INFORMATION PROVIDED.
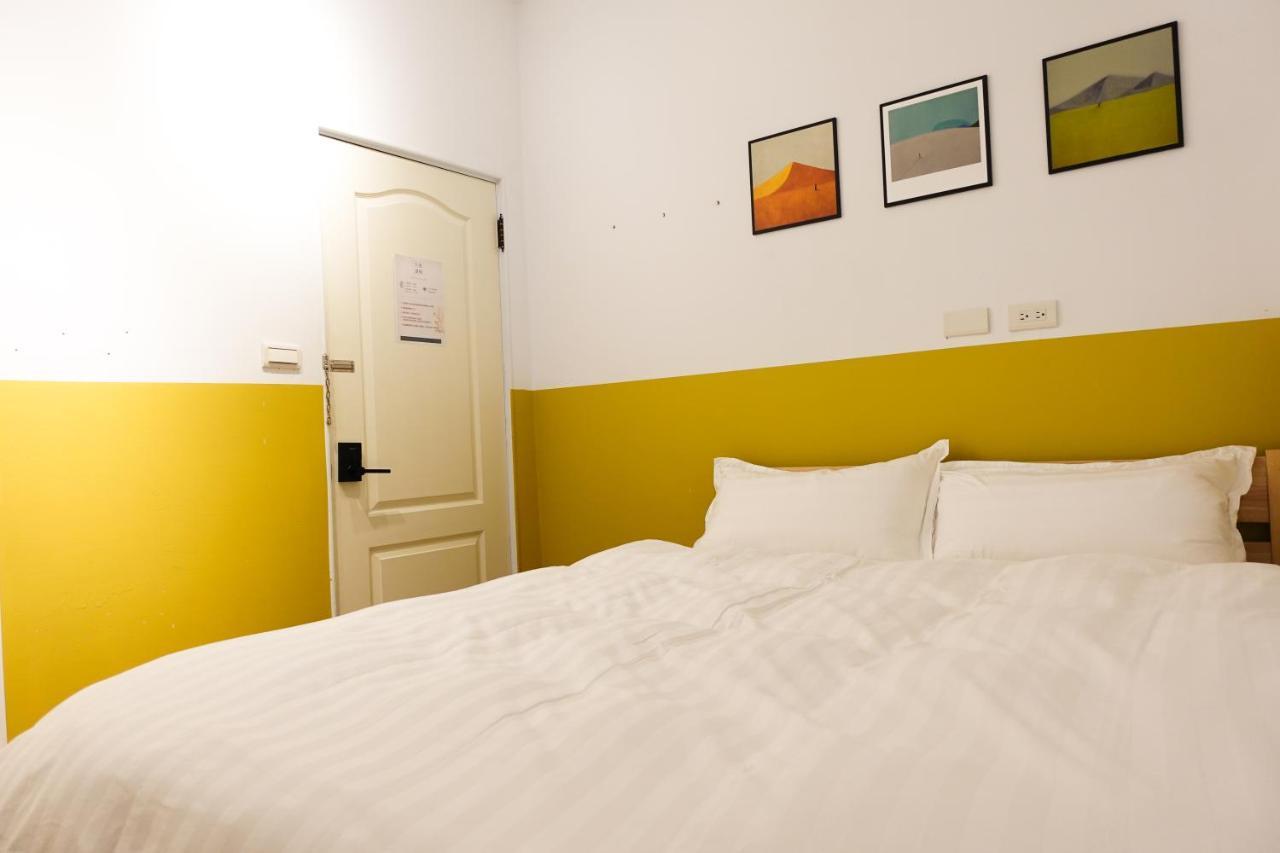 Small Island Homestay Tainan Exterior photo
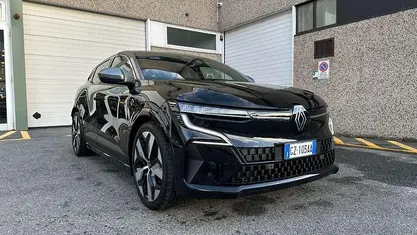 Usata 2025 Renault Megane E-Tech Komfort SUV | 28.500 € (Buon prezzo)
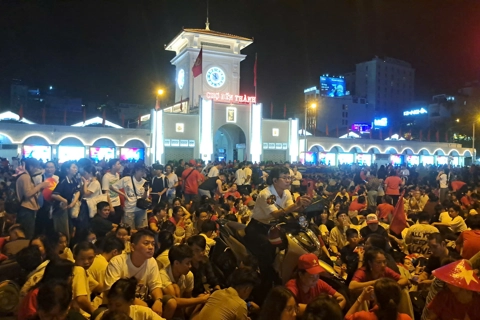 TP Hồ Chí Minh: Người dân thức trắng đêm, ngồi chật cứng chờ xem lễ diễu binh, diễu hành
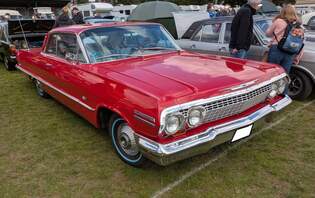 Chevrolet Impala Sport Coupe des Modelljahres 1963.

EXERCISE PROMPT.
Pictures stay out of the answer; the rest of the listing above is returned exactly.

SOLUTION.
 Small Island Homestay Tainan Exterior photo
 Usata 2025 Renault Megane E-Tech Komfort SUV | 28.500 € (Buon prezzo)
 TP Hồ Chí Minh: Người dân thức trắng đêm, ngồi chật cứng chờ xem lễ diễu binh, diễu hành
 Chevrolet Impala Sport Coupe des Modelljahres 1963.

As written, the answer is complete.